Shah was addressing the National Assembly today as the speaker gave opposition members the opportunity to speak first during Tuesday’s session. The opportunity was taken by most opposition MNAs to criticise the government's move to call in the military to take control of Islamabad.
Shah said the PPP government had only invoked Article 245 of the Constitution in the Malakand division and that too after taking the Parliament into confidence.
He added that Zulfikar Ali Bhutto had invoked the said article and had summoned the army to aid the civil administration in Lahore in 1977 and had later regretted the decision.
The senior PPP leader said that the High Courts would be rendered incapacitated due to the government's move and had exposed the latter’s weakness.
Jamaat-i-Islami (JI) leader Sahibzada Tariqullah said invoking Article 245 had exposed the government's weakness.
He added that the JI was prepared to make efforts for reconciliation between the government and PTI and even suggested the formation of a committee for this purpose.
Qaumi Watan Party (QWP) chairman Aftab Ahmed Khan Sherpao criticised both the government’s decision of calling in the army and PTI's call for a long march, saying that Independence Day celebrations should have been aimed at strengthening the country's unity.
He added that instead of protests or other celebrations, August 14 should have been spent with in those displaced in the wake of Operation Zarb-i-Azb.
Awami Muslim League (AML) president Sheikh Rasheed Ahmed said the country had never witnessed true democracy in the past 65 years nor were the issues of the common man ever resolved. He said the government's decision to call in the military for assistance in the federal capital city had pushed the opposition to a point of no return.
Moreover, Awami National Party (ANP) MNA Ameer Haider Khan Hoti said that when the army was called in Malakand division, the Taliban had established strongholds in the area and it was being said that the militants had reached the footholds of Margalla Hills in Islamabad.
He said that the current situation in Islamabad did not warrant the calling in of the military adding that the government had taken the decision only after the PTI had announced its long march.
Pakhtunkhwa Milli Awami Party (PkMAP) chairman Mahmood Khan Achakzai said he would not allow the sacrifices made for the country and Constitution rendered useless.
“I will fight against those jeopardising the country and Constitution as traitors and as going against the ideology of Pakistan,” he added.
He made these remarks while referring to a ‘friend from Canada’ and colleagues from the PTI.
Achakzai further said that the mandate of 200 million people was not a joke and could not be overrun by a mob of thousands.
He said the imposition of Article 245 had exposed the government’s weakness and added that D-Chowk area of the federal capital city was not a rally spot.

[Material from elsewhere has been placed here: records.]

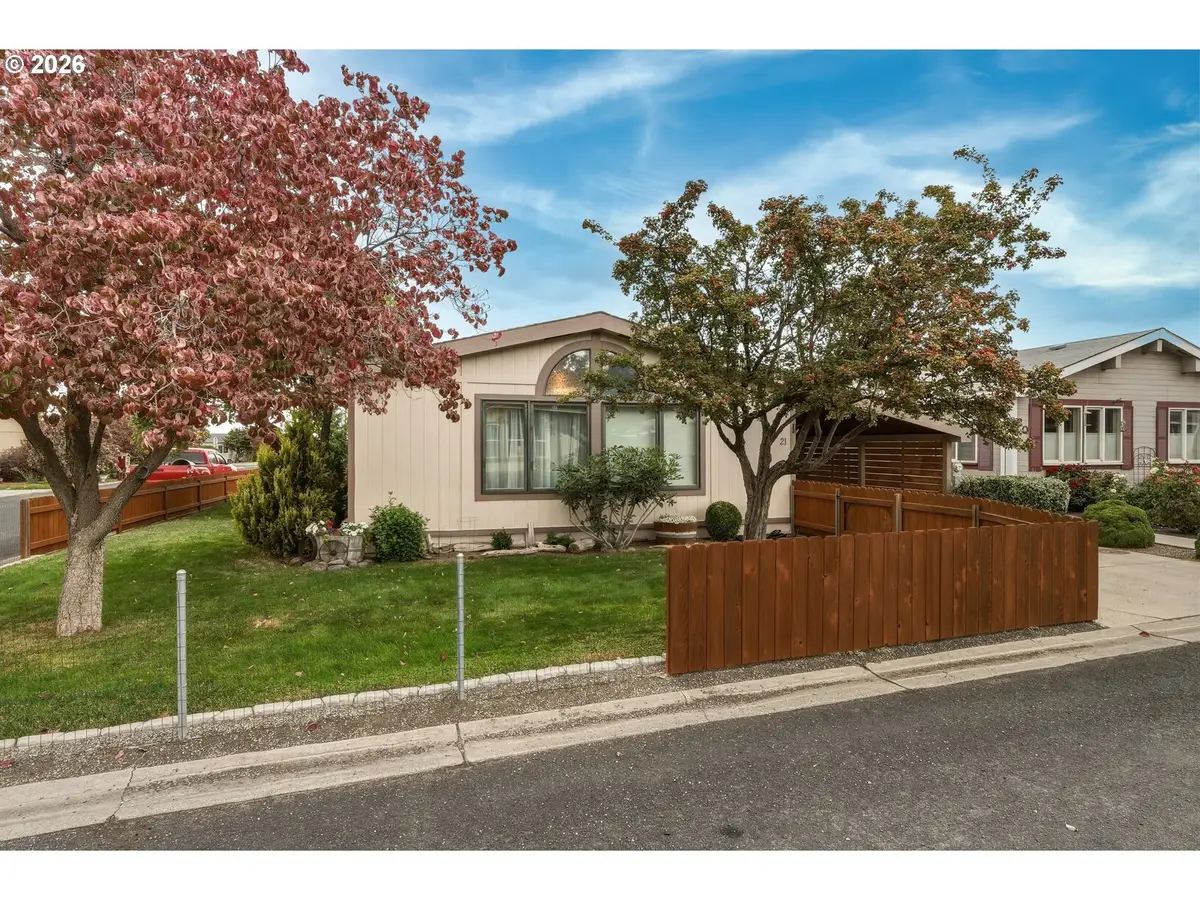 910 Cowl St #21, Milton Freewater, OR 97862 - #1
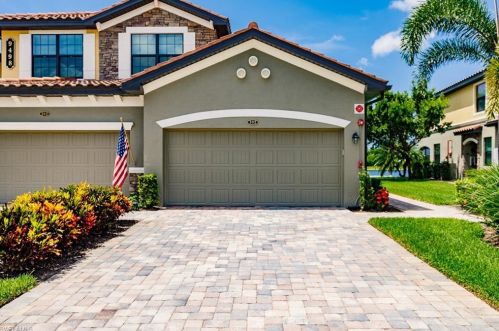 9498 Napoli Ln, Naples, FL 34113-7788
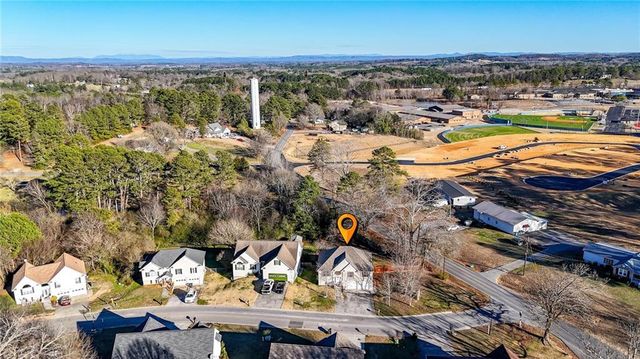 101 Twin Oaks Drive, Calhoun, GA 30701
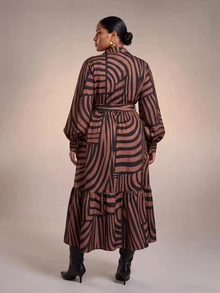 Zivah 秋季女款大尺碼正式早午餐優雅服飾 拼色印花收腰襯衫拼接長洋裝 棕色 - 彩色 - 查看 7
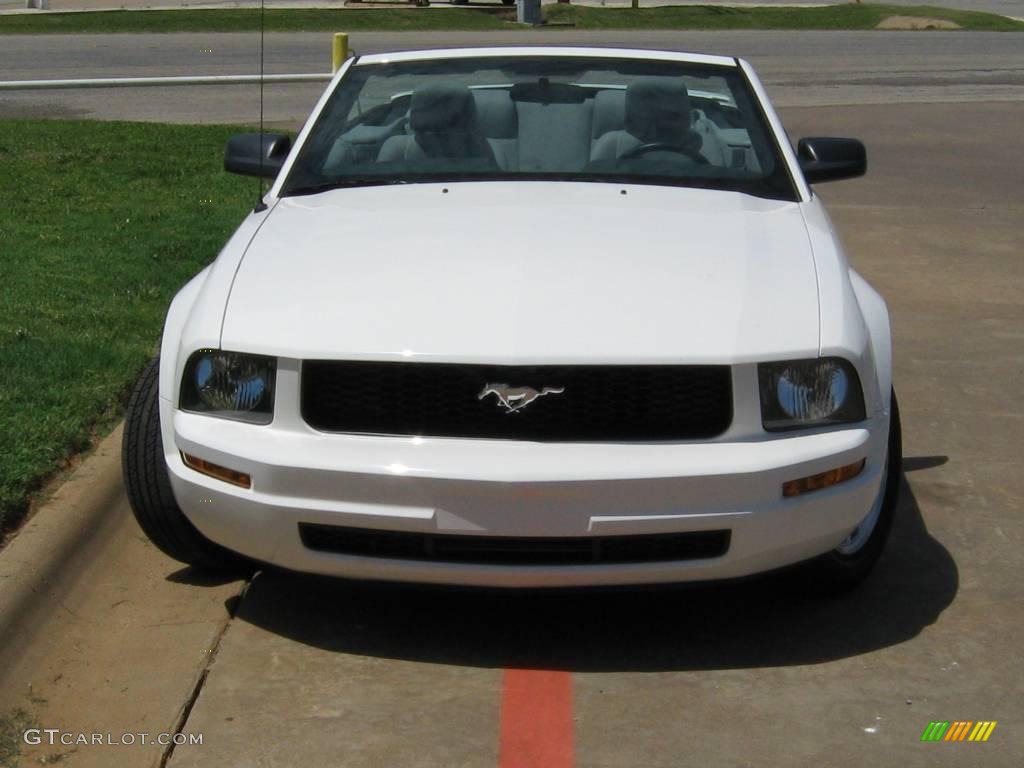 2007 Mustang V6 Deluxe Convertible - Performance White / Light Graphite photo #7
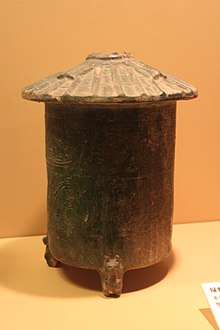 Granary model, Han dynasty Eastern Han Pottery Granary (9940244743).jpg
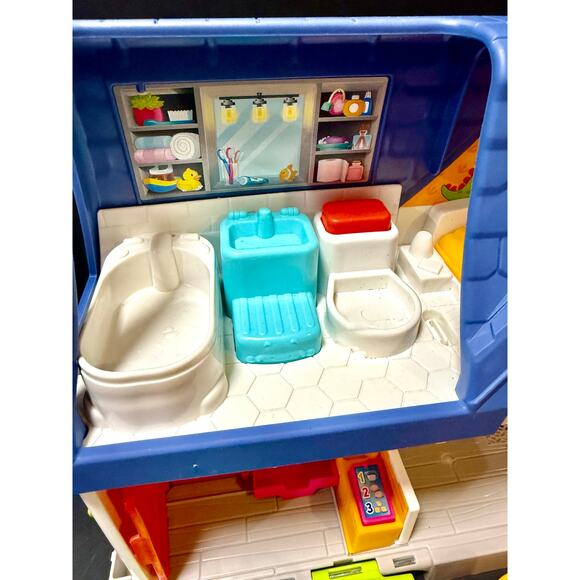 Fisher-Price Little People Friends Together Play House Toddler Learning set 2 - Picture 7 of 8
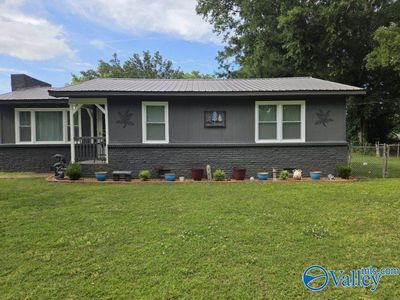 207 Piney Grove St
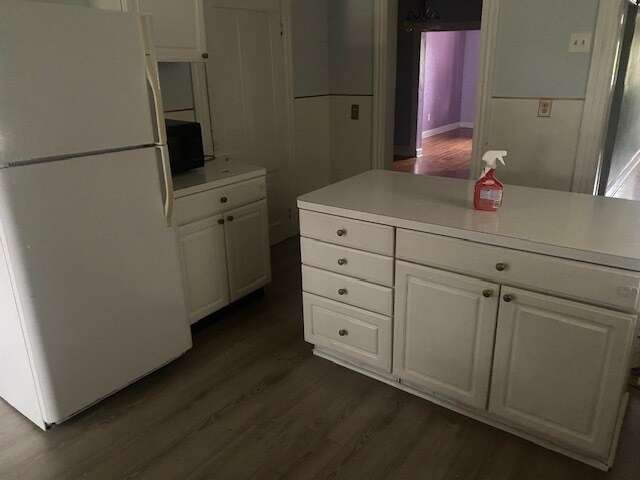 Kitchen - 221 E Potomac St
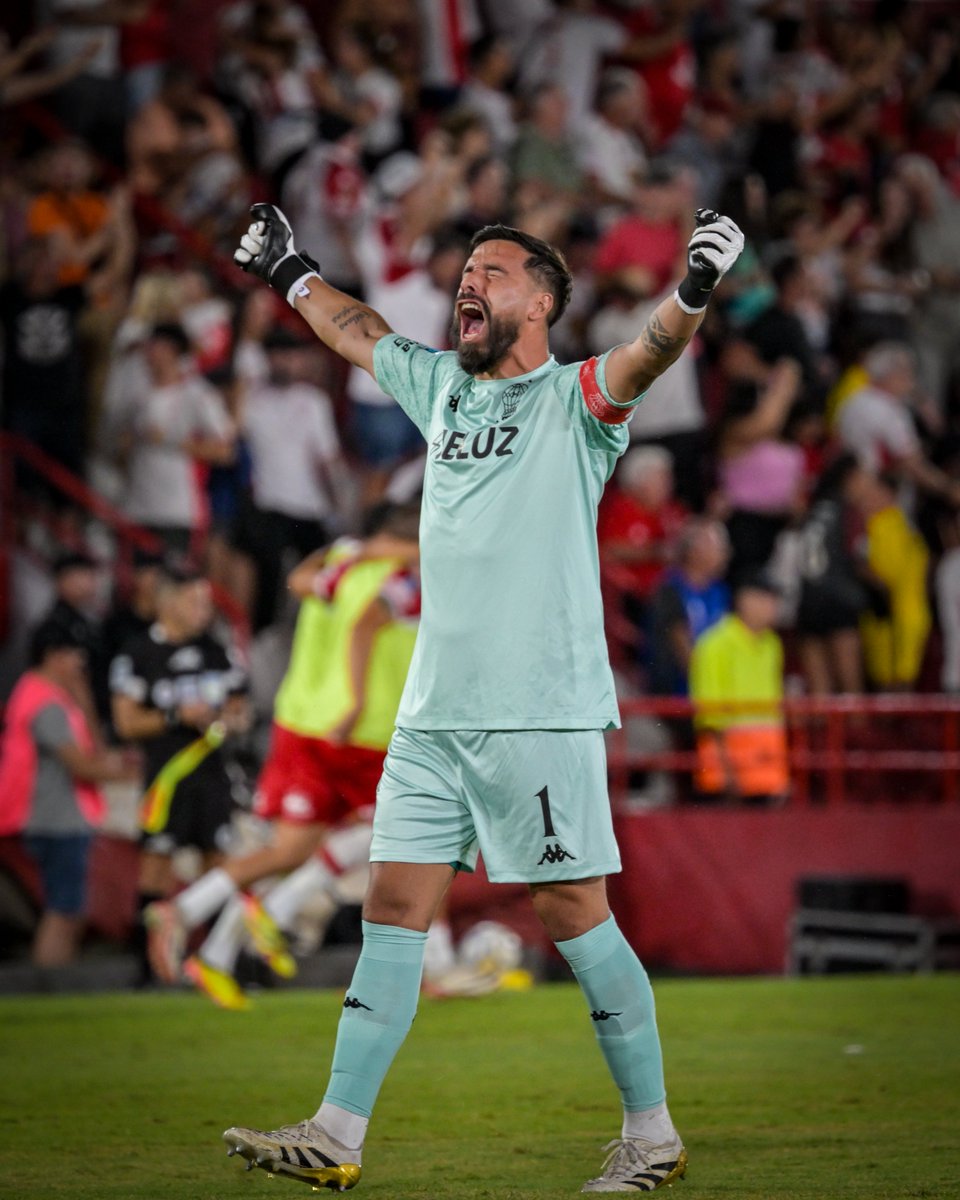 LigaAFA's tweet image. ¡El Globo se quedó con el clásico!

@CAHuracan venció 1 a 0 a @SanLorenzo con gol de Caicedo por la #Fecha4 del #TorneoMercadoLibre 2026 🏆

👉🏻 @ML_Argentina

The PkMAP chief also suggested a resolution to condemn any move against democracy or the Constitution.
Earlier during the day, Defence Minister Khawaja Asif said that the army was called in the federal capital city to protect the properties of citizens and not for any political motives.
Speaking to reporters outside Parliament House, the defence minister said that neither his ministry nor anyone else had transgressed constitutional parameters.
He said civil-military tensions were created whenever constitutional parameters were transgressed but since these have not been violated there was no question of any rising tension.
The minister said that the government did not feel threatened by PTI’s long march and if the Parliament unanimously opposed the invocation of Article 245 then the government might consider the matter again.
He further said that the military would not be used to quell political protests, adding that political measures would be taken to counter political protests.